Pangeran Riana menarik Yuki masuk ke kediaman Bangsawan Tinggi Trigar tanpa sepatah kata pun. Cengkramannya pada pergelangan tangan Yuki begitu erat, seakan dia tidak akan membiarkan gadis itu bergerak sedikit pun dari sisinya. Yuki bisa merasakan betapa kerasnya genggaman itu—bukan sekadar untuk membimbingnya, melainkan sebagai peringatan bahwa dia tidak akan bisa pergi ke mana pun tanpa izin.
Bangsawan Tinggi Trigar menyambut mereka dengan tatapan penuh pemahaman. Dia tidak banyak bertanya, karena dia sudah mengerti situasinya hanya dari cara Pangeran Riana membawa Yuki kembali. Dengan suara tenang namun penuh makna, dia berkata,
“Istriku sudah menyiapkan kamar untuk kalian. Dua kamar dengan pintu penghubung di ruangan kalian.”

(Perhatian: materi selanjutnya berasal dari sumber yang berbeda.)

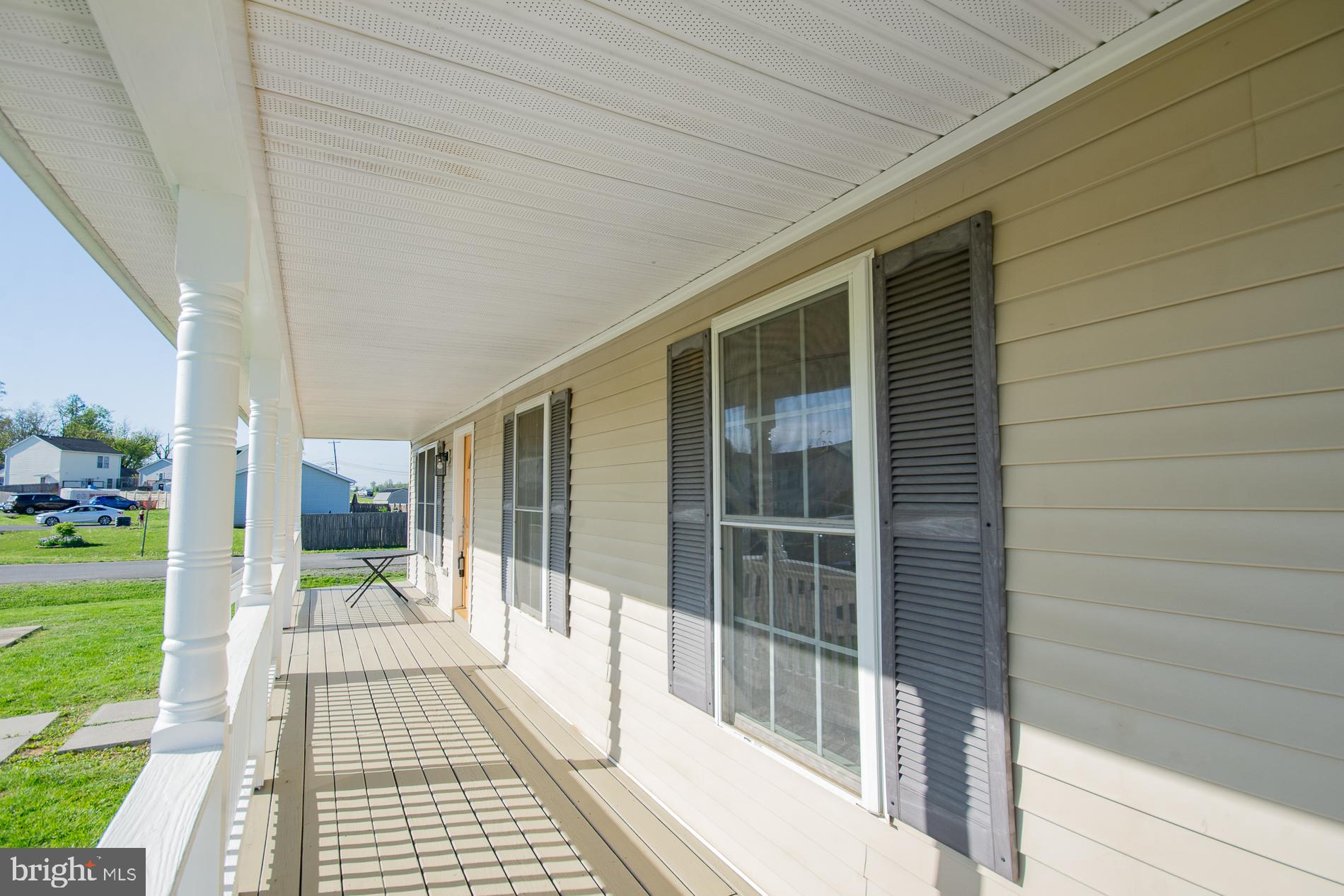 40 Stiles Way Ranson, WV 25438 - Photo 5 of 44 a view of a balcony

Dia tahu betul bahwa itu hanya formalitas. Tidak ada yang bisa memisahkan Pangeran Riana dari Putri Yuki, bukan tembok kamar, bukan aturan, dan tentu saja bukan kehendak Putri Yuki sendiri. Desas-desus tentang bagaimana Pangeran Riana memperlakukan istrinya telah lama beredar, bahkan di dalam keluarganya sendiri.
Semua orang tahu bahwa di mata Pangeran Riana, Yuki adalah satu-satunya perempuan yang layak mendapatkan kelembutan dan perhatian darinya. Namun, mereka juga tahu bahwa kelembutan itu hanya berlaku selama Yuki patuh. Jika ada sedikit saja tanda bahwa Yuki ingin melarikan diri darinya—bahkan hanya dalam sorot matanya—maka semua kelembutan itu akan lenyap dalam sekejap.

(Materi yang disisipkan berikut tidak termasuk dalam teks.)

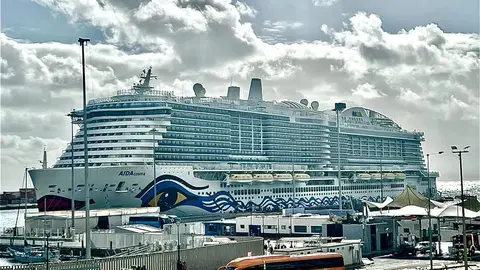Crucero en el muelle de la capital (Imagen de Turism de Puerto del Rosario).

Yang tersisa hanyalah pria yang kejam dan tidak berperasaan.
“Terima kasih,” kata Pangeran Riana singkat, suaranya datar tanpa emosi.

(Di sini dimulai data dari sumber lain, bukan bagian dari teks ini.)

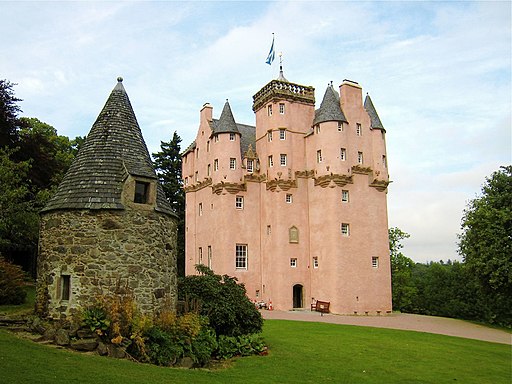 Craigievar Castle - geograph.org.uk - 2051402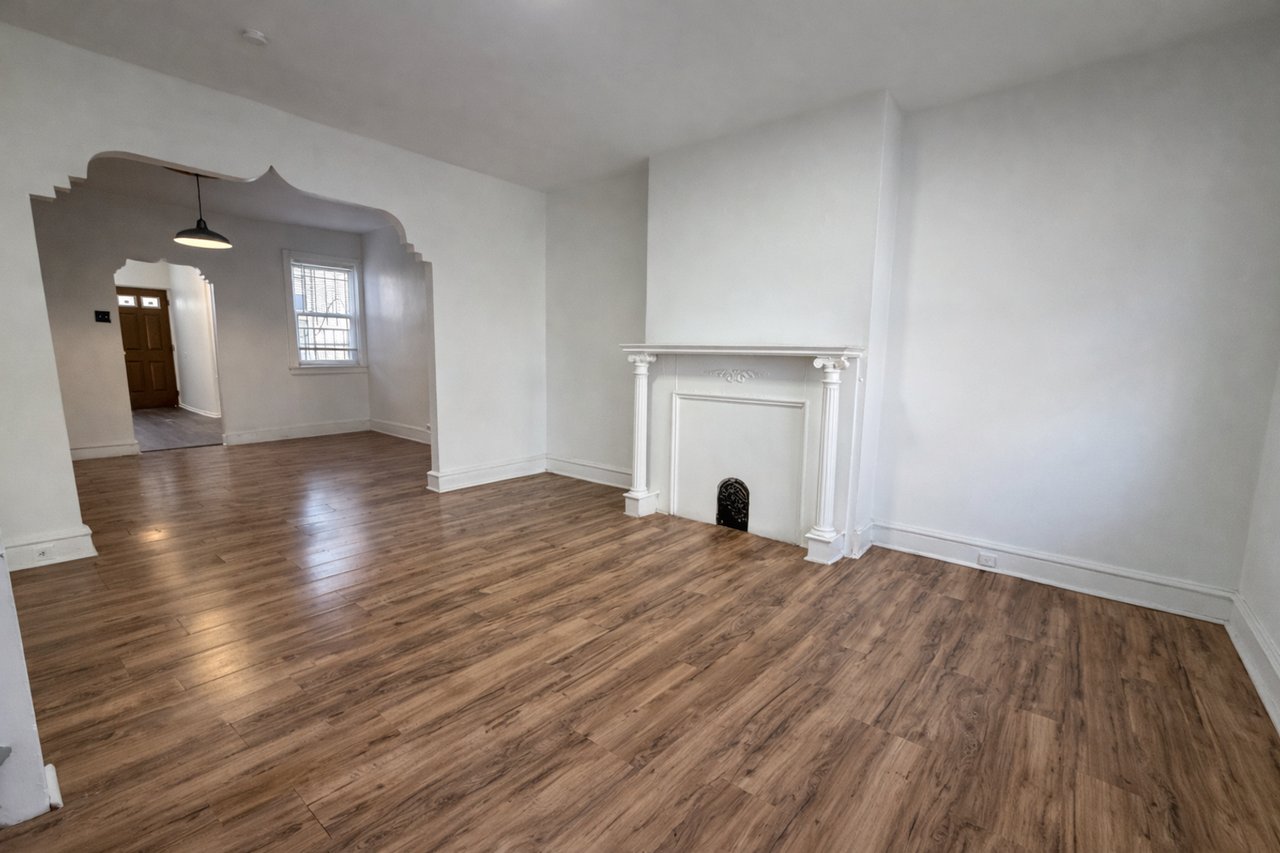 5114 Parrish St - Photo 4 of 16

Tanpa mengucapkan apa pun lagi, dia kembali melangkah, mengikuti pelayan yang menuntun mereka ke kamar. Yuki, yang masih berada dalam genggamannya, tidak punya pilihan selain mengikuti.
Langkah Pangeran Riana panjang dan cepat, kontras dengan langkah kecil Yuki yang tertatih-tatih mencoba mengimbanginya. Napasnya sedikit tersengal saat dia harus berlari kecil di samping pria itu, tetapi Pangeran Riana sama sekali tidak melambat.
Tidak peduli betapa sulitnya bagi Yuki untuk mengikutinya, Pangeran Riana tetap berjalan dengan irama yang sama—seolah ingin menegaskan bahwa Yuki harus selalu menyesuaikan diri dengannya, bukan sebaliknya.
Begitu mereka tiba di kamar, Pangeran Riana tak membuang waktu.
“Tinggalkan kami sendiri.”
Suaranya dingin dan tajam, membuat semua pelayan buru-buru menunduk dan keluar tanpa berani membantah.
Begitu pintu tertutup, tanpa peringatan, Pangeran Riana mengangkat Yuki dalam gendongannya. Dengan mudah, dia melempar tubuh gadis itu ke atas tempat tidur. Tubuh Yuki memantul beberapa kali di atas kasur empuk, napasnya tercekat oleh kejutan mendadak itu.
Namun, sebelum dia bisa berkata apa pun, Pangeran Riana sudah mencengkeram pergelangan kakinya. Dalam satu tarikan kuat, dia menarik Yuki hingga tubuhnya meluncur mendekatinya. Kakinya tersampir di atas bahunya, membuat Yuki terperangkap dalam genggamannya.
“Sekarang kau tidak bisa lari ke mana-mana, bukan?” suara Pangeran Riana dalam, penuh kendali.
Yuki menelan ludah, jantungnya berdebar saat melihat tatapan gelap Pangeran Riana yang mendominasi seluruh keberadaannya.
“Pangeran…” suaranya nyaris seperti bisikan, tubuhnya tegang di bawah kendali pria itu.
Pangeran Riana semakin mendekat, jemarinya menelusuri kulit Yuki dengan penuh klaim, sementara cengkeramannya tetap erat di pergelangan kakinya.
“Yuki…” suaranya dalam dan berbahaya. “Kau tidak Aku izinkan untuk meninggalkanku. Kau tidak Aku izinkan untuk pergi tanpa sepengetahuanku.”
Tatapan tajamnya menusuk, penuh ketegasan yang tak terbantahkan.
“Kau sudah menjadi istriku.” Suara itu seperti belenggu yang tak terlihat, membelit erat di sekeliling Yuki. “Milikku sepenuhnya. Apa Kau mengerti?”
Yuki menatap Pangeran Riana dengan mata membulat, tidak percaya dengan apa yang baru saja didengarnya.
“Dia kakak…” suaranya lirih, berusaha mencari alasan di tengah ketegangan yang menggantung di antara mereka.
Namun, Pangeran Riana hanya mencengkeram dagu Yuki, memaksanya untuk menatap langsung ke dalam matanya yang gelap dan berbahaya.
“Dia tidak pernah menganggapmu sebagai saudara, Yuki.” Suaranya datar, dingin, penuh kepastian yang tak terbantahkan. “Dia menginginkanmu… seperti Aku menginginkanmu.”
Yuki membeku. Dadanya naik turun, sulit bernapas di bawah intensitas tatapan pria itu.